** RECORDS PROVIDED follows **
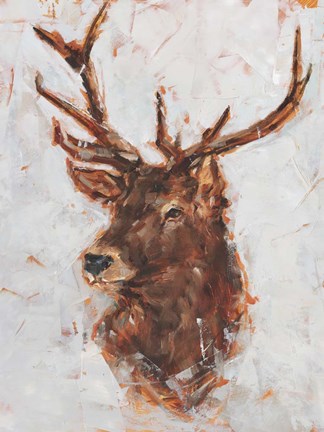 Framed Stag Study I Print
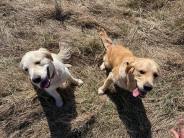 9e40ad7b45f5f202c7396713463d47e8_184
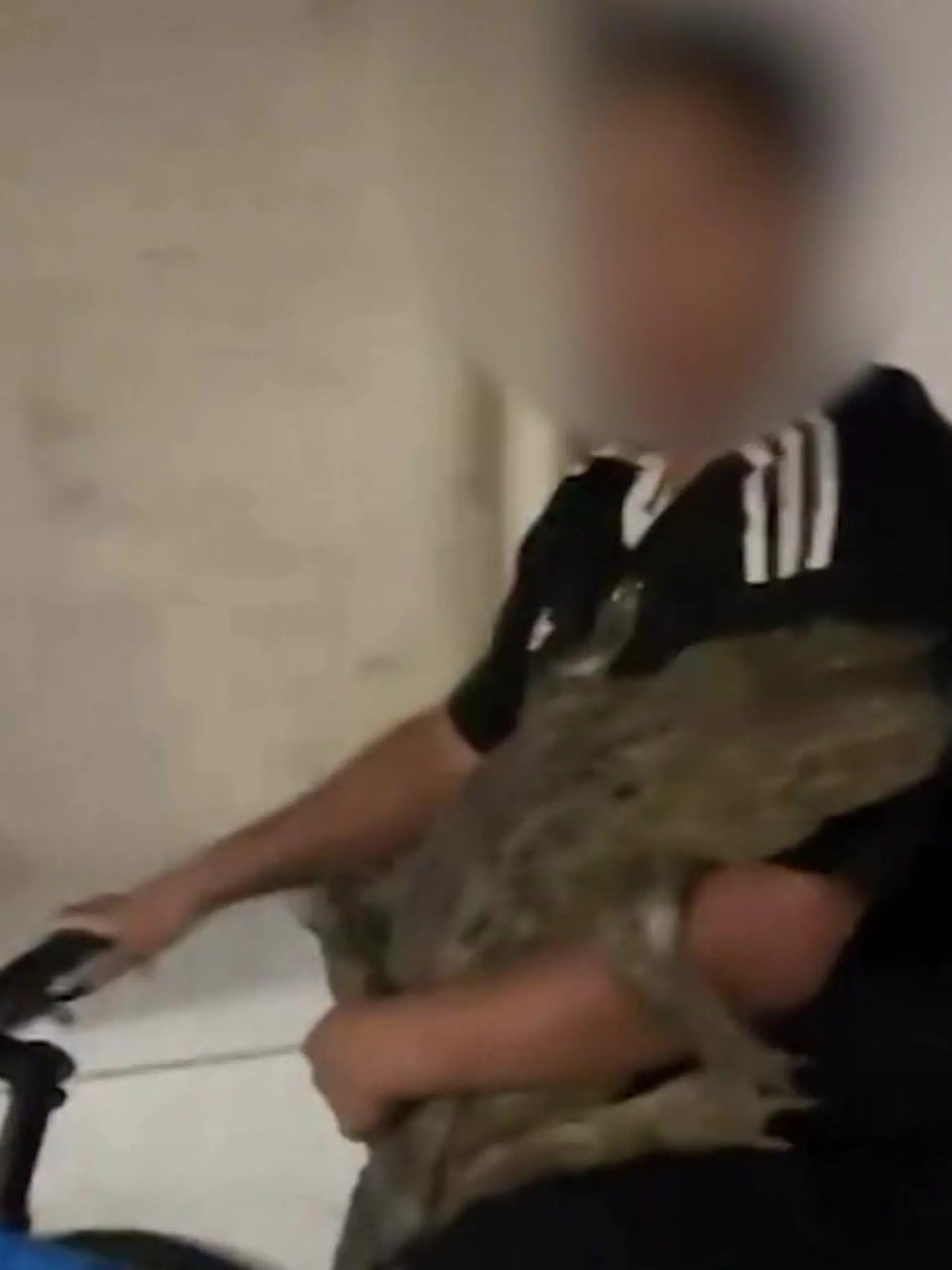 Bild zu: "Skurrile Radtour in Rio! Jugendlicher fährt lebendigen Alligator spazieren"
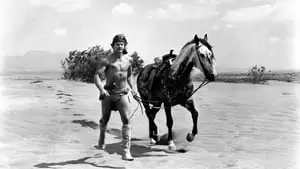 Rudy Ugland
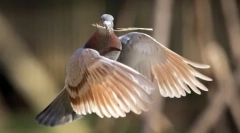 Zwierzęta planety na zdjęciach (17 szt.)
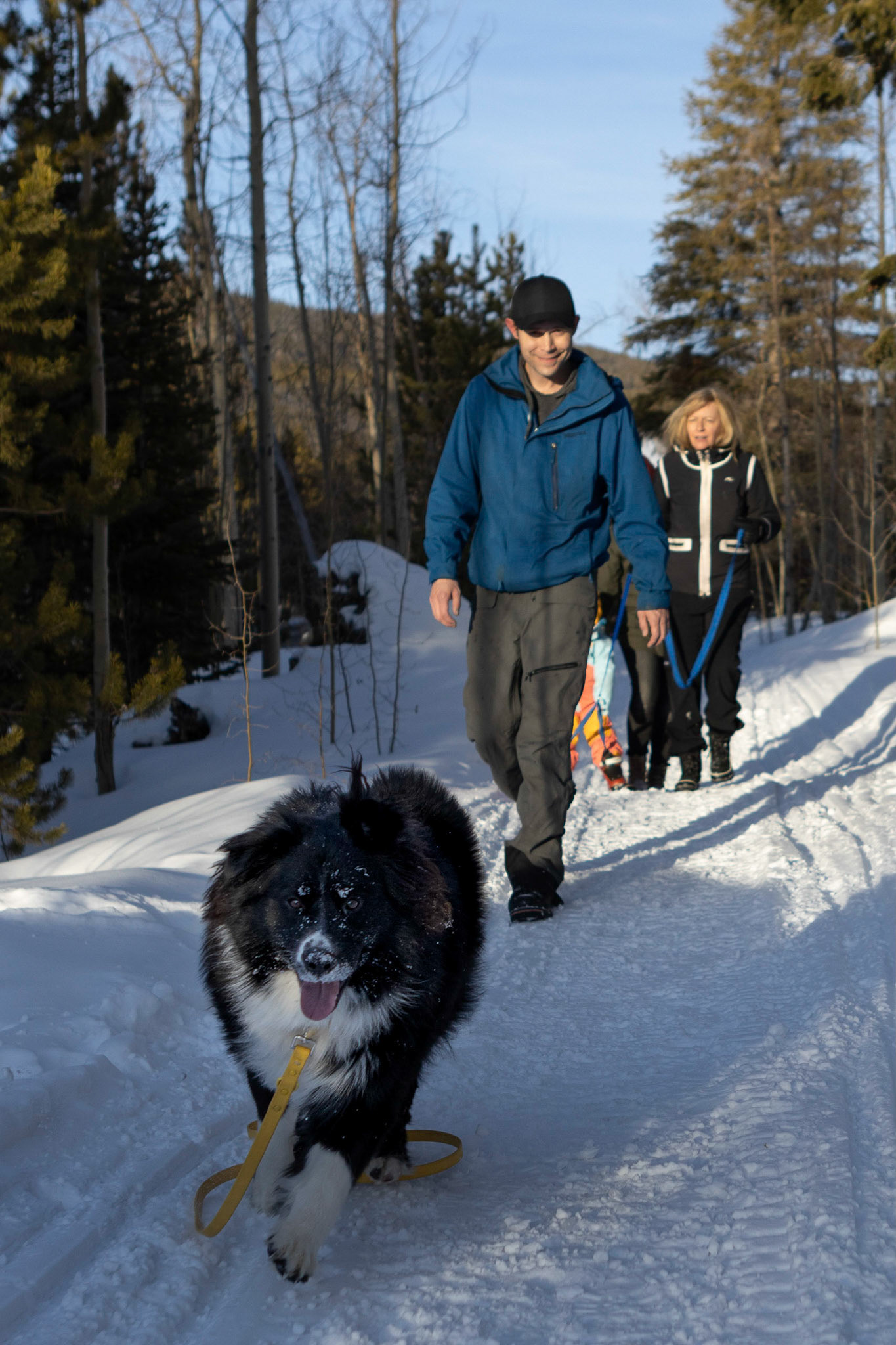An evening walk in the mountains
** End of RECORDS PROVIDED **
** RECORDS PROVIDED follows **
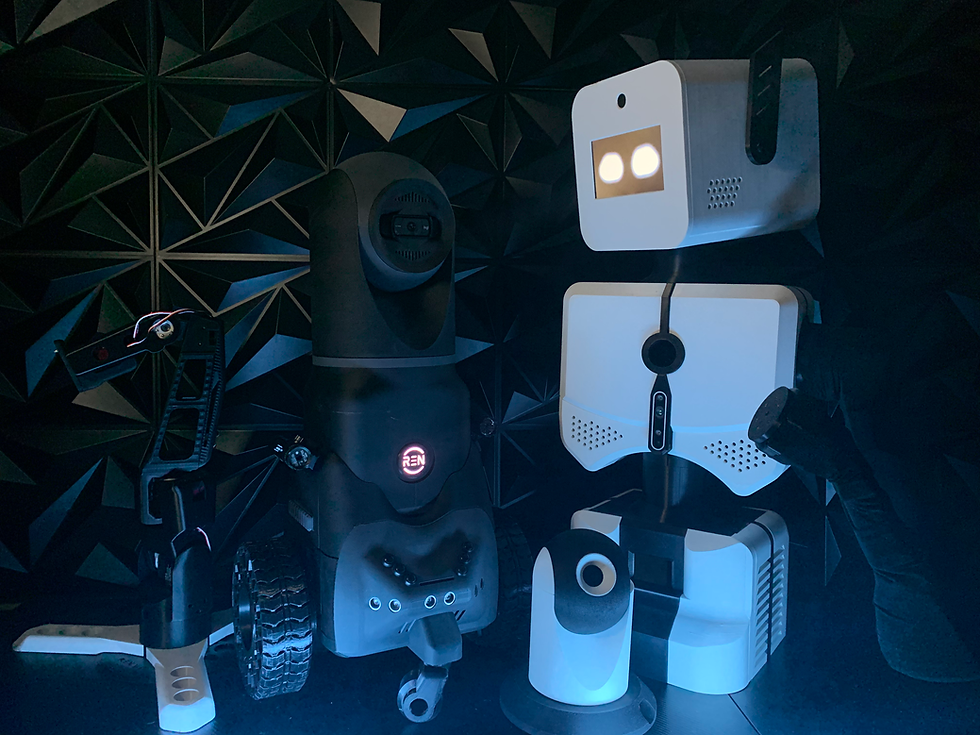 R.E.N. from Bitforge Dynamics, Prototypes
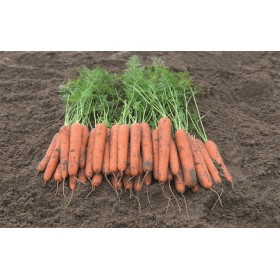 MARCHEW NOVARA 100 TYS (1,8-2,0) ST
** End of RECORDS PROVIDED **
EXERCISE DETAILS
Everything from the line with "R.E.N. from Bitforge Dynamics, Prototypes" through the line with "MARCHEW NOVARA 100 TYS (1,8-2,0) ST" in the material above should be transcribed exactly, except the pictures.

WORKED SOLUTION
 R.E.N. from Bitforge Dynamics, Prototypes
 MARCHEW NOVARA 100 TYS (1,8-2,0) ST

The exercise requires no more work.